→ **INSTRUCTIONS TO FOLLOW**:
Reproduce each line below without any alteration.
INFORMATION SHOWN below:
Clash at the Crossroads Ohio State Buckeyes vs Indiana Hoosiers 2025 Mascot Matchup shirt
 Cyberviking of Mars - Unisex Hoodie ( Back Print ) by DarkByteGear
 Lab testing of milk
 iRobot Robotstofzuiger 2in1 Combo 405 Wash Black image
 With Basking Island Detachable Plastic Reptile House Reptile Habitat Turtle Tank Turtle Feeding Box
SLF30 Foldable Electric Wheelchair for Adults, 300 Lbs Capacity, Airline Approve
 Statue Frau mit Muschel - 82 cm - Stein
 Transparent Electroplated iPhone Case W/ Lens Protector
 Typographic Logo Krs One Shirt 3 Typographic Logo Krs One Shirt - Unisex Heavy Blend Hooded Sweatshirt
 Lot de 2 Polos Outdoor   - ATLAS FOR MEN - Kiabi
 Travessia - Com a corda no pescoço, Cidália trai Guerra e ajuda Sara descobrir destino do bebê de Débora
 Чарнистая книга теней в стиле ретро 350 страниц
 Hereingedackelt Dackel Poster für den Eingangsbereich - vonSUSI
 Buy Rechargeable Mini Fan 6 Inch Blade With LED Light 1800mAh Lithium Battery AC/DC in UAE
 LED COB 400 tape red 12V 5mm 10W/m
End of INFORMATION SHOWN.
→ **ANSWER TO THIS TASK**:
Clash at the Crossroads Ohio State Buckeyes vs Indiana Hoosiers 2025 Mascot Matchup shirt
 Cyberviking of Mars - Unisex Hoodie ( Back Print ) by DarkByteGear
 Lab testing of milk
 iRobot Robotstofzuiger 2in1 Combo 405 Wash Black image
 With Basking Island Detachable Plastic Reptile House Reptile Habitat Turtle Tank Turtle Feeding Box
SLF30 Foldable Electric Wheelchair for Adults, 300 Lbs Capacity, Airline Approve
 Statue Frau mit Muschel - 82 cm - Stein
 Transparent Electroplated iPhone Case W/ Lens Protector
 Typographic Logo Krs One Shirt 3 Typographic Logo Krs One Shirt - Unisex Heavy Blend Hooded Sweatshirt
 Lot de 2 Polos Outdoor   - ATLAS FOR MEN - Kiabi
 Travessia - Com a corda no pescoço, Cidália trai Guerra e ajuda Sara descobrir destino do bebê de Débora
 Чарнистая книга теней в стиле ретро 350 страниц
 Hereingedackelt Dackel Poster für den Eingangsbereich - vonSUSI
 Buy Rechargeable Mini Fan 6 Inch Blade With LED Light 1800mAh Lithium Battery AC/DC in UAE
 LED COB 400 tape red 12V 5mm 10W/m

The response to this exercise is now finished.